Mentionnons la manoeuvre du conseil de l'université de tenir une inscription par la poste visant à abolir le principal moyen de pression ; le boycottage des frais de scolarité. En dernier lieu, l'injonction de la Cour Supérieure signifié au Rep, à sept étudiants qui occupaient diverses fonctions dans le regroupement et à toutes personnes qui en avaient connaissance. Cette dernière est une mesure qu'employa l'université pour expulser les étudiants du bureau du recteur, occupé depuis dix jours, également pour interdire aux étudiants la tenue de lignes de piquetage au Pavillon de la bibliothèque où sont situés les principaux bureaux de l'administration. L' injonction prendra fin le 15 septembre prochain. Au Rep on accueille l'injonction en déclarant qu'elle brime les droits collectifs de manifester son mécontentement face à une situation financière qui se dégradait de jour en jour.

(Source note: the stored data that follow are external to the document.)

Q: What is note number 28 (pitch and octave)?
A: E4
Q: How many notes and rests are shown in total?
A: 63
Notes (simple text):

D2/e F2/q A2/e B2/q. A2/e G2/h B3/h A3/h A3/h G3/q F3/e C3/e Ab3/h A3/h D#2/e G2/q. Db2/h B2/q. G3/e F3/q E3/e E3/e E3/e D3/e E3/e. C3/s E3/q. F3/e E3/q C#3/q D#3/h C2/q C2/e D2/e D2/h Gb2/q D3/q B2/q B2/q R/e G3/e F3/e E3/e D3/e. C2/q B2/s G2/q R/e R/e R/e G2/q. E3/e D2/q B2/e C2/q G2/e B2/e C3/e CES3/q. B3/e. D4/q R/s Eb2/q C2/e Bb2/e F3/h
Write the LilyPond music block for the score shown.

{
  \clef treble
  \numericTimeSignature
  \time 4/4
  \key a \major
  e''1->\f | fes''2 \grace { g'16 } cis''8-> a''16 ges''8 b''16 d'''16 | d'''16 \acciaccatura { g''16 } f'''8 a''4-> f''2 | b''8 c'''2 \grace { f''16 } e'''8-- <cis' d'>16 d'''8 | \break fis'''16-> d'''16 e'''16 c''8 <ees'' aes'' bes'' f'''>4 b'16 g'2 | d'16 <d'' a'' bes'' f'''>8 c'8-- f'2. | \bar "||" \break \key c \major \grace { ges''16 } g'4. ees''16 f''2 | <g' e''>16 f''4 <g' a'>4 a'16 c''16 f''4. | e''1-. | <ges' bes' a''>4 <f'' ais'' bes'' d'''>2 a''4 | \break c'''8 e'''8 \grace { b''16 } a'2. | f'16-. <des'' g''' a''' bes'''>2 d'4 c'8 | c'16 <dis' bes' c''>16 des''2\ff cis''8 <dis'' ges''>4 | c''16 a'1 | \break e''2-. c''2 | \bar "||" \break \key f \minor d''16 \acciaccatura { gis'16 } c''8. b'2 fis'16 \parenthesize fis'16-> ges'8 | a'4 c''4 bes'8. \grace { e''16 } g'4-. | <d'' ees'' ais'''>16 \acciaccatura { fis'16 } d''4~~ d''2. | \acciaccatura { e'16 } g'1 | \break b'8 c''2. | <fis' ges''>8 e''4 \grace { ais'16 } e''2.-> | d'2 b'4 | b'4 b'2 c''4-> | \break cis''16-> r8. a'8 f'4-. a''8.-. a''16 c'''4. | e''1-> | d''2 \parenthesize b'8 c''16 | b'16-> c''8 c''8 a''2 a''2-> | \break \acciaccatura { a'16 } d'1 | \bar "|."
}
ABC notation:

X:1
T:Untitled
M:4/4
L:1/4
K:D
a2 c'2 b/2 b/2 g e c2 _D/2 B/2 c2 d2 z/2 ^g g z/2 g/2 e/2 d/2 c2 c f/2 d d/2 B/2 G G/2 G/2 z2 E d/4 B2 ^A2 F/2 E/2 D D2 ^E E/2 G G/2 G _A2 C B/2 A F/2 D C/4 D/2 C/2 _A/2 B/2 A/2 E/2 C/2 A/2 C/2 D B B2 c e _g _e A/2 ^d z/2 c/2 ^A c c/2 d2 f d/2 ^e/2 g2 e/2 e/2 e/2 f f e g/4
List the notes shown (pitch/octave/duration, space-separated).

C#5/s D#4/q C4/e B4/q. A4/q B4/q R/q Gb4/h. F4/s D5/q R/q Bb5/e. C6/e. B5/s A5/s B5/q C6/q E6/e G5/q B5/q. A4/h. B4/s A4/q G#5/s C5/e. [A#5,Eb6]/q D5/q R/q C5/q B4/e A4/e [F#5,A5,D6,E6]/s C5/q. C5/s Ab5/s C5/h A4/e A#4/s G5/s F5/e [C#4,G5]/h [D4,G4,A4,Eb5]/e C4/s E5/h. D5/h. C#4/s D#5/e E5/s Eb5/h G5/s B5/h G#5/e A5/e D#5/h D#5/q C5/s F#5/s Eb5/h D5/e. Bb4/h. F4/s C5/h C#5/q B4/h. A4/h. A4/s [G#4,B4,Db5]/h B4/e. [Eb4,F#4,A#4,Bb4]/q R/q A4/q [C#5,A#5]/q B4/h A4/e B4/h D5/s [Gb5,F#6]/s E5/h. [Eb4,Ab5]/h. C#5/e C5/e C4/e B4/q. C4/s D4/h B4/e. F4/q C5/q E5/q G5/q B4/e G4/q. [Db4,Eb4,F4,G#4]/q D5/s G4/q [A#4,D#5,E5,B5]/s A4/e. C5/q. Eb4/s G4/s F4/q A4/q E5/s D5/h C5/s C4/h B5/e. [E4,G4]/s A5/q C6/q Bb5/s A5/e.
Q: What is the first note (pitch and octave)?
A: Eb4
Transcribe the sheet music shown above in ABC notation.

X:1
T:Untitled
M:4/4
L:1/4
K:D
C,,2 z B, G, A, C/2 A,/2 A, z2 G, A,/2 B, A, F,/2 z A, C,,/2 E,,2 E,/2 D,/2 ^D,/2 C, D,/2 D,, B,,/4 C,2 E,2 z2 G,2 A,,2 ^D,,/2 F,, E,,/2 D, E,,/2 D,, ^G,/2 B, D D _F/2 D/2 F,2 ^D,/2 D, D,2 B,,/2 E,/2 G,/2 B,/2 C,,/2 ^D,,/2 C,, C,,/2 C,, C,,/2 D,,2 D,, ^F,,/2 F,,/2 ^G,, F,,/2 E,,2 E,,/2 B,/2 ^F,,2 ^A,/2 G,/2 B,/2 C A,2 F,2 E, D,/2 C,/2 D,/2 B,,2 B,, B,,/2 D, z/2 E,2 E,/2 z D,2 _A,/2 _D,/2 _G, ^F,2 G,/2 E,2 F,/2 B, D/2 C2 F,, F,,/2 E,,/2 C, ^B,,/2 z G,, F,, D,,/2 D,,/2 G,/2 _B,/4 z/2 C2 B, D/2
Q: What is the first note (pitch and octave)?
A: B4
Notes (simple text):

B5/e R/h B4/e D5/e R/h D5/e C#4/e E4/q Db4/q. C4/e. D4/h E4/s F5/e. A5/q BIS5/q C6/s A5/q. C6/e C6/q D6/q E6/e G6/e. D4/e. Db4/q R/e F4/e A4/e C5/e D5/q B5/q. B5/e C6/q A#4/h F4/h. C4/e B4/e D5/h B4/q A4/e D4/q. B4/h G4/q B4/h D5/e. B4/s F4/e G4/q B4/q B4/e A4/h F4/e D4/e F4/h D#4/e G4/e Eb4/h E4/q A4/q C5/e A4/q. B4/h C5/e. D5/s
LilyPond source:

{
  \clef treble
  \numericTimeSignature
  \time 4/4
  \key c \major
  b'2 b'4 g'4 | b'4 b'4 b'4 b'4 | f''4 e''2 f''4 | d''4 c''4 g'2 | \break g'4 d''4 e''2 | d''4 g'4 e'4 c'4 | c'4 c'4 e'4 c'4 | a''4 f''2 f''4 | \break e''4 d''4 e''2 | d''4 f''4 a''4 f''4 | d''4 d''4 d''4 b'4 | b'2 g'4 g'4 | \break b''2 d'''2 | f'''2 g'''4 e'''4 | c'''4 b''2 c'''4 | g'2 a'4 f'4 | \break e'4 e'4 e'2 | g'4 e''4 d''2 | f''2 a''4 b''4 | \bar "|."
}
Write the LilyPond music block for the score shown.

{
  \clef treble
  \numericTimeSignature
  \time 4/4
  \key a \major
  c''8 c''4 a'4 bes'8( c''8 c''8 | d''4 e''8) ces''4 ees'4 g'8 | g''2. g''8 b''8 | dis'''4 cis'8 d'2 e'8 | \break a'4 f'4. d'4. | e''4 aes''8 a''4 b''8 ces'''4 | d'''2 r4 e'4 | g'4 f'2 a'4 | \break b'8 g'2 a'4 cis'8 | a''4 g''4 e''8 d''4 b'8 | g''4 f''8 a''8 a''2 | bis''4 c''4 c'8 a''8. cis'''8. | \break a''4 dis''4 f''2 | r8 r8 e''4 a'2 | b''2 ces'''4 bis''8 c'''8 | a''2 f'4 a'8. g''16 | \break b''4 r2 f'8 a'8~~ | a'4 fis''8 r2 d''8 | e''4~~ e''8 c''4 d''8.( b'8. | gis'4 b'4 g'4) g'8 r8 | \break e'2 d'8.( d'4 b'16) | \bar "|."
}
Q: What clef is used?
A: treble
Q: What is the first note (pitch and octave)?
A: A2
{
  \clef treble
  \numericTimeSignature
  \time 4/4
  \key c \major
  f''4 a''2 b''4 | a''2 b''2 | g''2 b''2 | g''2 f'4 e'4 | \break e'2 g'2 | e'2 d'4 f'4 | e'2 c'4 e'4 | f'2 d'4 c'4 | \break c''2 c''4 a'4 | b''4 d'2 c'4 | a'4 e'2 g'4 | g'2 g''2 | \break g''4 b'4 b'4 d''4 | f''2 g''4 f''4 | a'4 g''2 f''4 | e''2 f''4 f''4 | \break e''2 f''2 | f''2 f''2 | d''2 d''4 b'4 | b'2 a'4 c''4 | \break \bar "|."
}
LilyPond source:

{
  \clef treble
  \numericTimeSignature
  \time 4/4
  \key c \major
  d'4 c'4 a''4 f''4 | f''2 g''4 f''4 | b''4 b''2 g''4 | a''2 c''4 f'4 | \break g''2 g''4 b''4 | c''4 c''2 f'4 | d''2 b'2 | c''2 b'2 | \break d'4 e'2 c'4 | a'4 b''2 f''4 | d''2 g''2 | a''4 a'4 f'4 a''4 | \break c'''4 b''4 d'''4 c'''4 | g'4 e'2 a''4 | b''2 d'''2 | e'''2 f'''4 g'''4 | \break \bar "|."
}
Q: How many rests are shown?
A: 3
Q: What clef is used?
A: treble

Quant à la mobilisation, en moins de six semaines il y eut près de 30 assemblées, dont quatre assemblées générales. A la deuxième manifestation plus de 1,000 étudiants ont marché sur le parlement. Une moyenne de 1,500 à 2,000 personnes assistèrent aux trois premières assemblées générales.

A la fin forcée de la lutte le Rep lançait ce message: «Cet automne 77 les étudiants de Laval auront rendez-vous avec l'ensemble des étudiants de la province, pour lutter contre l'endettement, le régime inadéquat des prêts-bourses, le sous-emploi des étudiants et le chômage pour les finissants. Espérons que les étudiants de Laval seront au rendez-vous fort d'une expérience acquise durement».